The battery rattles a bit in its mount. I tried to see if I could adjust the lock cylinder bracket to some degree. I removed the plastic housing, but the two 3mm hex bolts holding the metal plate underneath were...like the motor shield...very tight. Unfortuntely, even using a new-ish 3mm hex tool, one of them got rounded out. I will eventually fix that, but for now I just replaced the other with a 4mm hex bolt. I bought some automotive rubber weather sealing to stick to the frame and fill the gap between it and the battery to keep the battery from rattling, but alas it is not quite thick enough. I will return it and get some large gap foam weatherstrip instead.

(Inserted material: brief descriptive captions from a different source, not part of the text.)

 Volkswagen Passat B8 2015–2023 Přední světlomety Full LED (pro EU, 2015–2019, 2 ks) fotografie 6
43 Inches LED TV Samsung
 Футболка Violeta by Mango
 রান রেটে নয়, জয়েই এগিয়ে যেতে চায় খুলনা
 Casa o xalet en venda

So far I have ridden the bike just 33 miles. I wish it was a Class 3 pedelec, and that the PW motor supported high cadences. As fat as I am (240 lbs. ), I can still go past 20mph quite easily. But I knew the limitations when I bought it, and I am happy not to have spent an extra $2-3K more just to get a higher performance motor. I still want speed though, so I'd appreciate feedback on Yamaha tuning kits such as the Blueped, Speedbox 2, etc. if anyone has experience with those.

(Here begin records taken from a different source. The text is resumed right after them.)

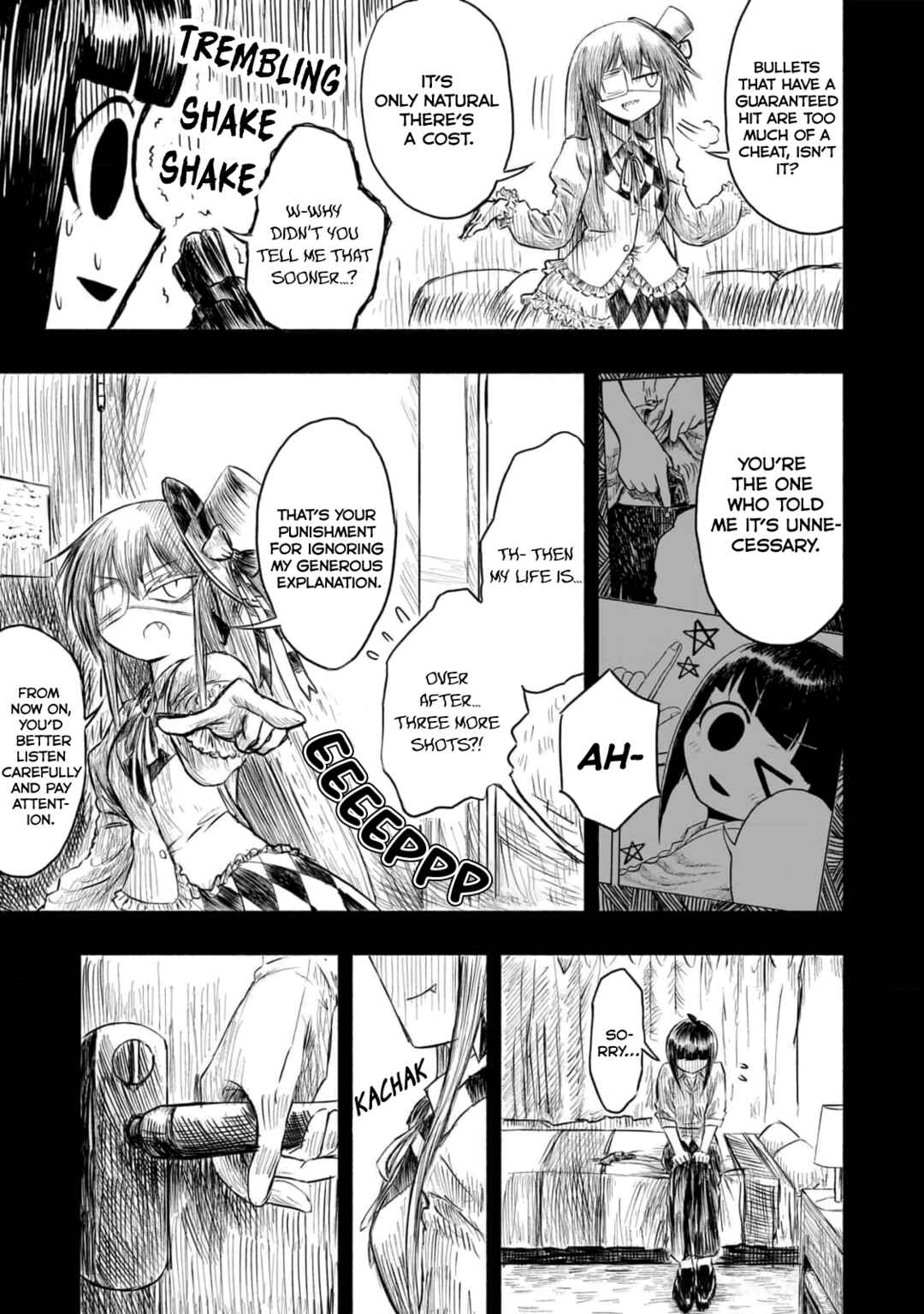 Chapter 3 - Page 5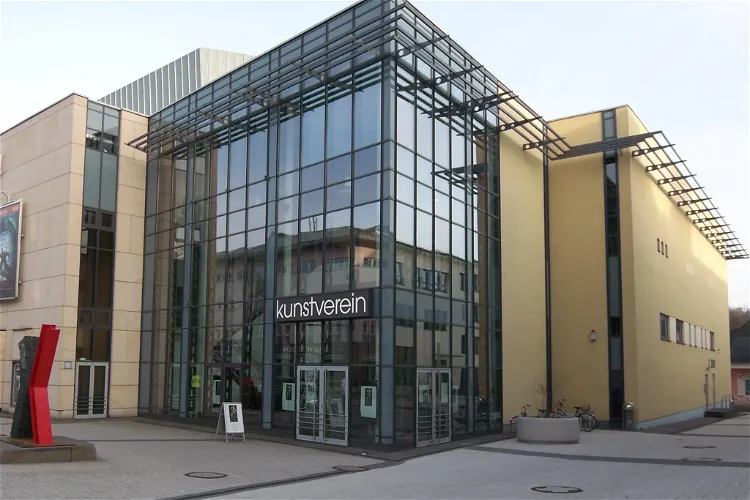 Marburger Kunstverein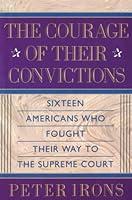 Algopix Similar Product 15 - The Courage of Their Convictions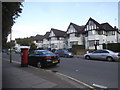 Highfield Avenue, Brent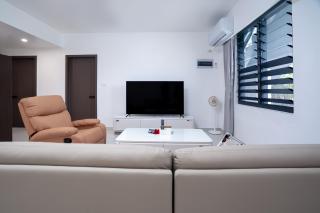 Farer Suites Serviced Apartment Martintar Nadi Unit6 - 6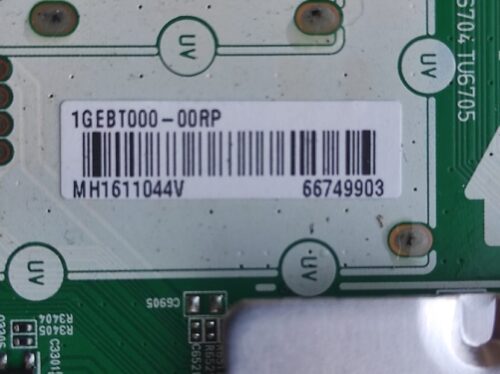 Eax69532504 (1.0) ebt66749903 - LG 50up75006lf - imagine 3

I never trust any factory assembly, so I tend to take many if not most things apart and reassemble and readjust. I find that wheels bearing are always too tight and lacking grease. The wire for the front headlight was very long, so I took the motor off so I could pull the excess into the down tube. The bolts holding the plastic motor shield were incredibly tight, to the point I was afraid I might strip out the 3mm hex heads. I did finally manage to get them loose. They did not appear to have any kind of threadlock on them, but if they did, it certainly worked almost too well. I used anti-sieze to reassemble. On that note, I replaced as many of the 3mm hex bolts on the bike as I could, in favor of 4mm ones; I just hate tiny hex bolts.

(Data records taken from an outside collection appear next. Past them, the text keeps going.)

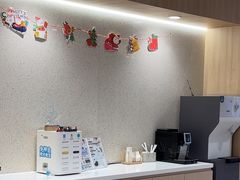 -复动肌骨门诊·MEDMOTION(北外滩店)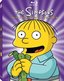 The Simpsons: The Thirteenth Season [Blu-ray]
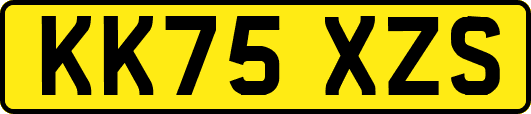 KK75XZS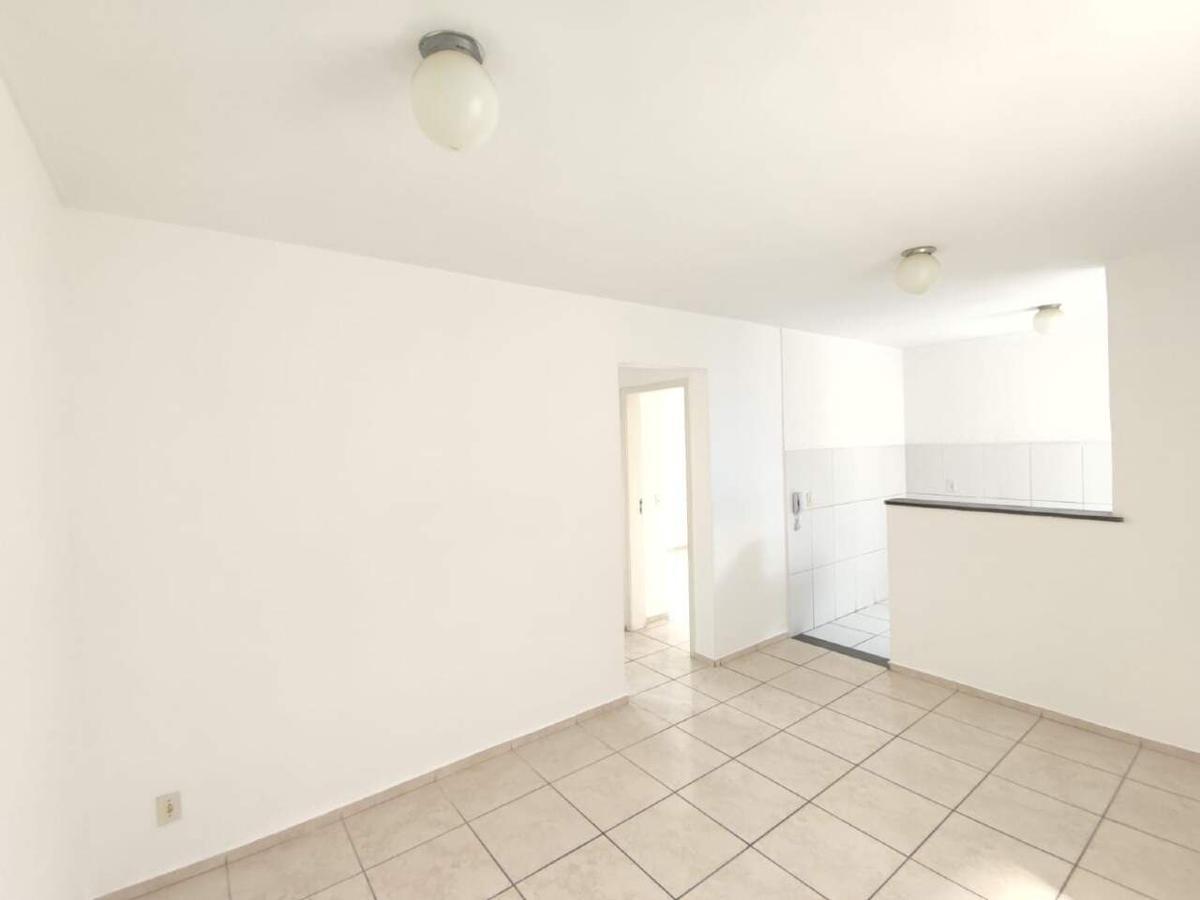 Apartamento, São Gabriel, 2 Quartos, 1 Vaga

I read elsewhere that the front light tends to fall off; IMO the supplied plastic bracket is not very well designed, using screws that just bite into the plastic, instead of bolts that mate with nuts. I put threadlock on the screws. I am not crazy about the lights front or rear; eventually I will replace both with much brighter units. I've glanced at some options by Supernova and Lupine, if I want to continue to run lights off the bike's battery. But I may just use my Fenix BC30R (which is a great self-contained rechargeable LED light).
I am not tall at 5'6"-5'7". I was afraid the 19" I ordered might be a bit too small, but if anything it could be smaller. That said, with my road bike background, the cockpit is too upright and cramped for me. I flipped the stem over to lower the bars some. I could lower the bars more by putting the headset spacers on top, but I hate the way that looks. LOL. The bars feel ridiculously wide to me. I may replace the riser bars with narrower flat bars, and get a longer stem as well. I may even go to a trekking bar, or some other alternative like the Jones H-bar. So far the only thing I have changed is the pedals. I did not go clipless though, which is something I have always used. I opted for Race Face Chester platforms. Too bad the blue isn't quite the same shade as the Cyan accents on the bike.
The battery rattles a bit in its mount. I tried to see if I could adjust the lock cylinder bracket to some degree. I removed the plastic housing, but the two 3mm hex bolts holding the metal plate underneath were...like the motor shield...very tight. Unfortuntely, even using a new-ish 3mm hex tool, one of them got rounded out. I will eventually fix that, but for now I just replaced the other with a 4mm hex bolt. I bought some automotive rubber weather sealing to stick to the frame and fill the gap between it and the battery to keep the battery from rattling, but alas it is not quite thick enough. I will return it and get some large gap foam weatherstrip instead.
So far I have ridden the bike just 33 miles. I wish it was a Class 3 pedelec, and that the PW motor supported high cadences. As fat as I am (240 lbs. ), I can still go past 20mph quite easily. But I knew the limitations when I bought it, and I am happy not to have spent an extra $2-3K more just to get a higher performance motor. I still want speed though, so I'd appreciate feedback on Yamaha tuning kits such as the Blueped, Speedbox 2, etc. if anyone has experience with those.